▶ [Your assignment] From the first line of the data below through the line bearing "These are small", reproduce each line exactly; do not include pictures.

***

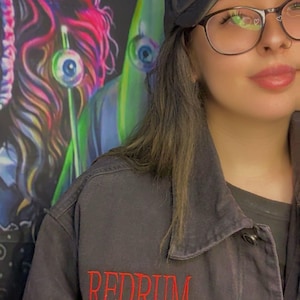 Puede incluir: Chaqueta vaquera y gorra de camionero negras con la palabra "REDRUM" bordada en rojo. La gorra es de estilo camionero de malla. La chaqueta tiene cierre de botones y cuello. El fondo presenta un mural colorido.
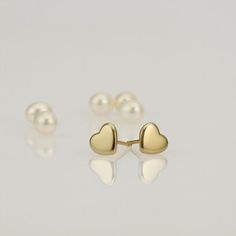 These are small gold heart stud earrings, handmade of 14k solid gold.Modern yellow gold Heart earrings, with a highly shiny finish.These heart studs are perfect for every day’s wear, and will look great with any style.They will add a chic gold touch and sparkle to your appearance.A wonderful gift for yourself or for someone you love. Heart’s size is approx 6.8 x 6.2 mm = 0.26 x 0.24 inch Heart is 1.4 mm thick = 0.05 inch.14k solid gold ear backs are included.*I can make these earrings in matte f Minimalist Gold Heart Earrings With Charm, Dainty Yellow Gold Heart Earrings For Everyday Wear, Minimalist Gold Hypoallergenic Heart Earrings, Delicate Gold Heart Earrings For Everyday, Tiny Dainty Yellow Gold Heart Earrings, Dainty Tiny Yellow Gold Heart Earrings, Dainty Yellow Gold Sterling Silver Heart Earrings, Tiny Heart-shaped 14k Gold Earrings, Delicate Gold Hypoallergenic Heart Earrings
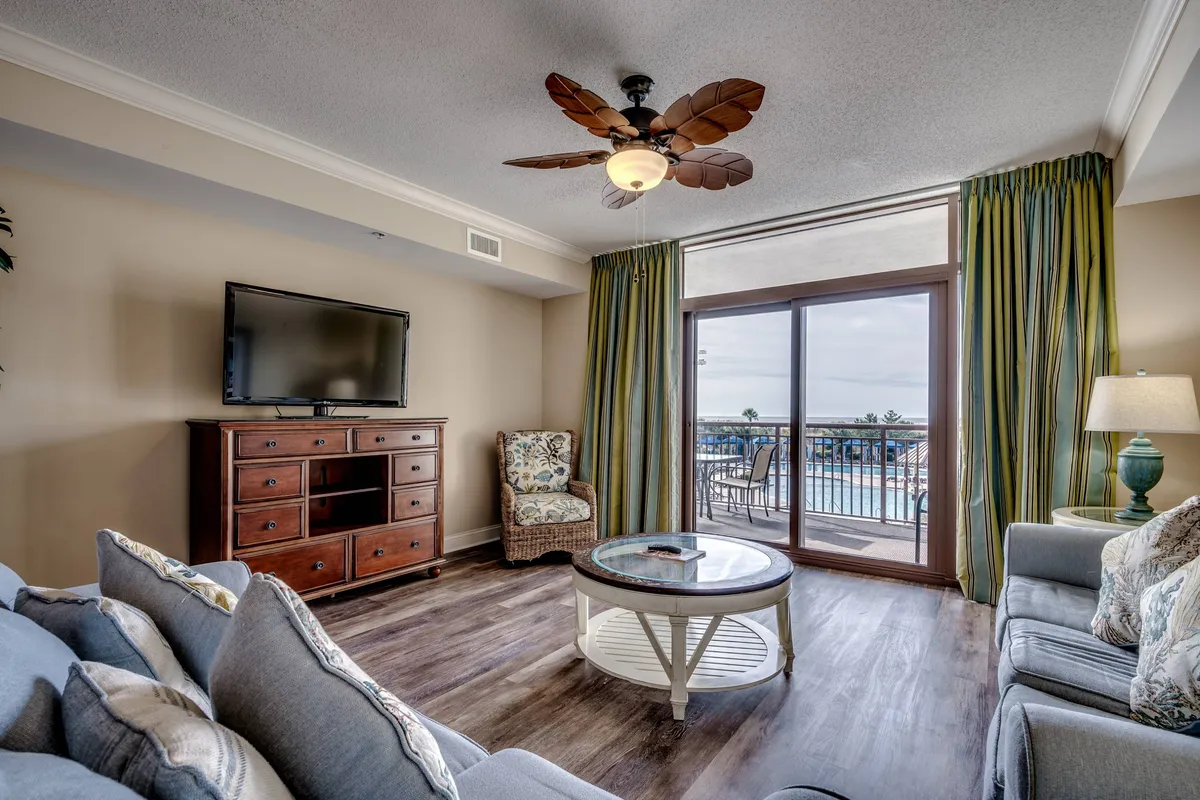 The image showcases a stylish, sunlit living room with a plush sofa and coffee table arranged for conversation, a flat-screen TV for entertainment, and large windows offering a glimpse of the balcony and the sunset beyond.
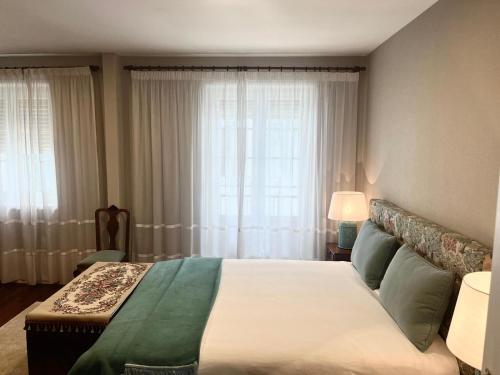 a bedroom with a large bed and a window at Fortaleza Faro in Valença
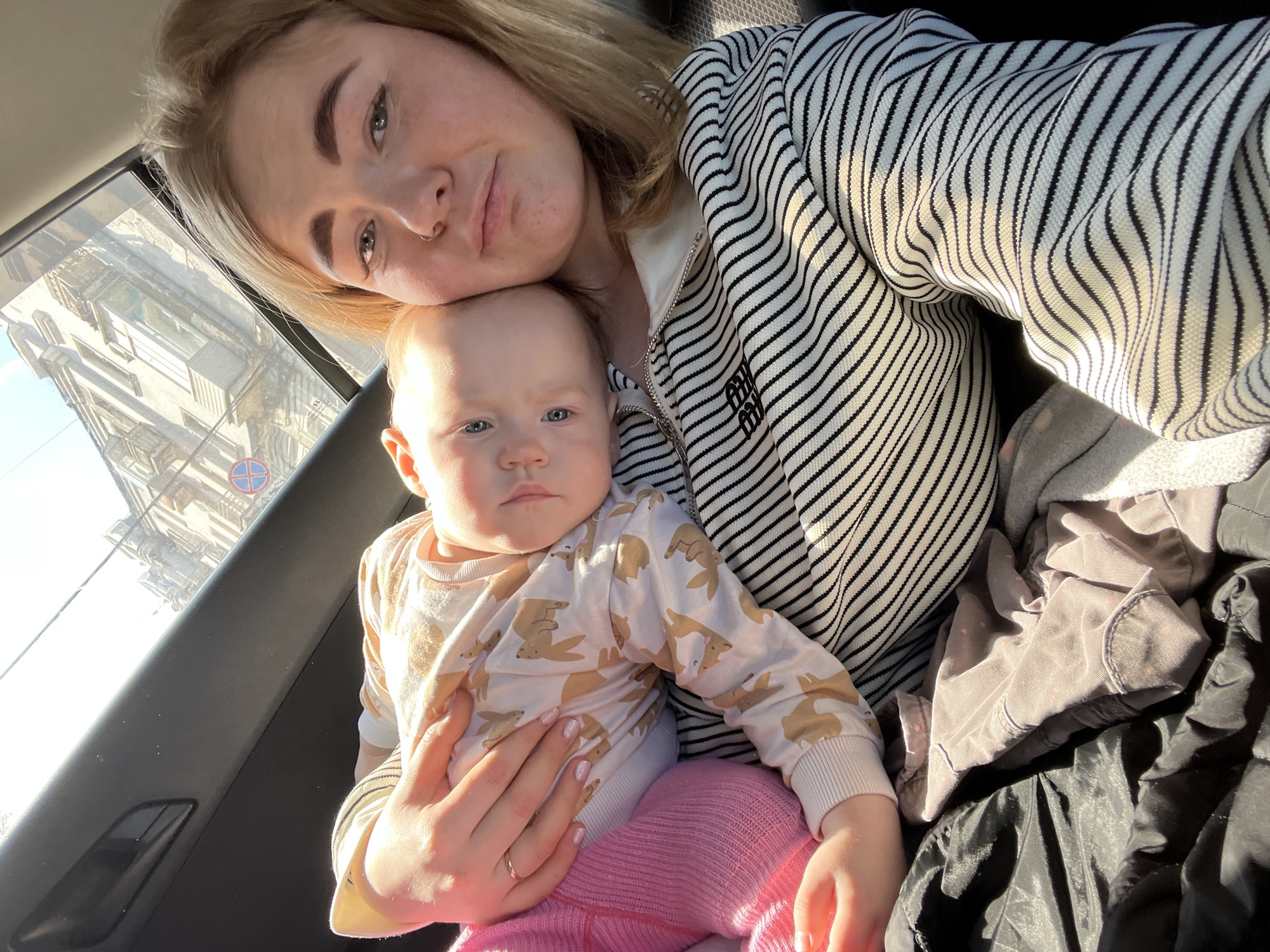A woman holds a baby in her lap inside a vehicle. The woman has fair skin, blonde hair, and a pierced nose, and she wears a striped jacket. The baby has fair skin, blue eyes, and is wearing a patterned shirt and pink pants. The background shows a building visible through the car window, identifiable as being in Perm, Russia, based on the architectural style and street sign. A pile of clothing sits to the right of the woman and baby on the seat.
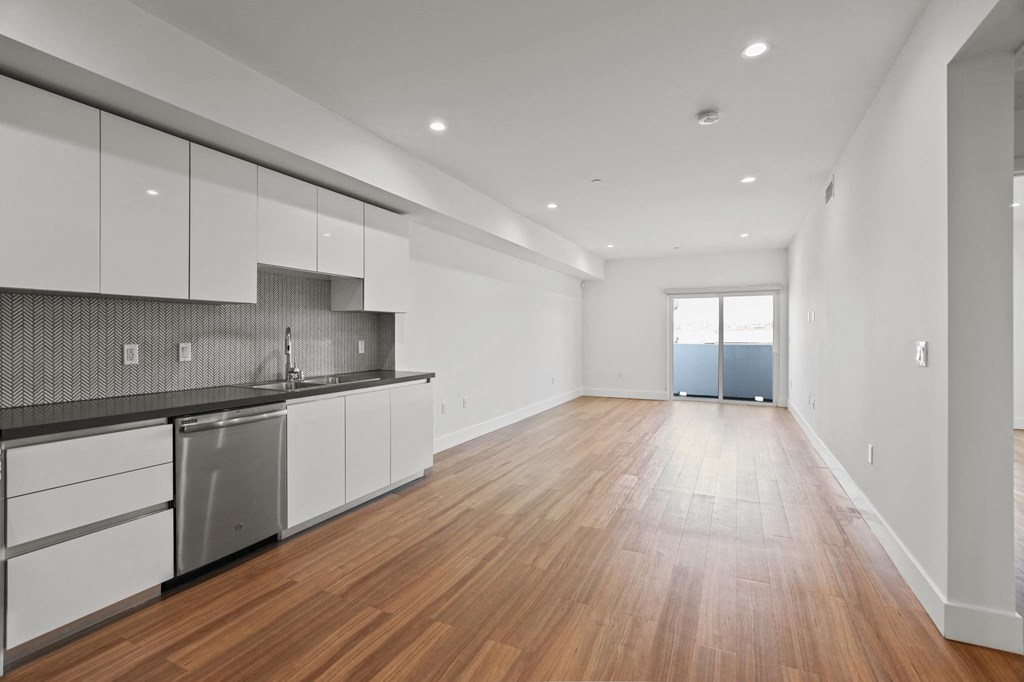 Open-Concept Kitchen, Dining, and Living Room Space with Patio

***

▶ [Problem solution]
 Puede incluir: Chaqueta vaquera y gorra de camionero negras con la palabra "REDRUM" bordada en rojo. La gorra es de estilo camionero de malla. La chaqueta tiene cierre de botones y cuello. El fondo presenta un mural colorido.
 These are small gold heart stud earrings, handmade of 14k solid gold.Modern yellow gold Heart earrings, with a highly shiny finish.These heart studs are perfect for every day’s wear, and will look great with any style.They will add a chic gold touch and sparkle to your appearance.A wonderful gift for yourself or for someone you love. Heart’s size is approx 6.8 x 6.2 mm = 0.26 x 0.24 inch Heart is 1.4 mm thick = 0.05 inch.14k solid gold ear backs are included.*I can make these earrings in matte f Minimalist Gold Heart Earrings With Charm, Dainty Yellow Gold Heart Earrings For Everyday Wear, Minimalist Gold Hypoallergenic Heart Earrings, Delicate Gold Heart Earrings For Everyday, Tiny Dainty Yellow Gold Heart Earrings, Dainty Tiny Yellow Gold Heart Earrings, Dainty Yellow Gold Sterling Silver Heart Earrings, Tiny Heart-shaped 14k Gold Earrings, Delicate Gold Hypoallergenic Heart Earrings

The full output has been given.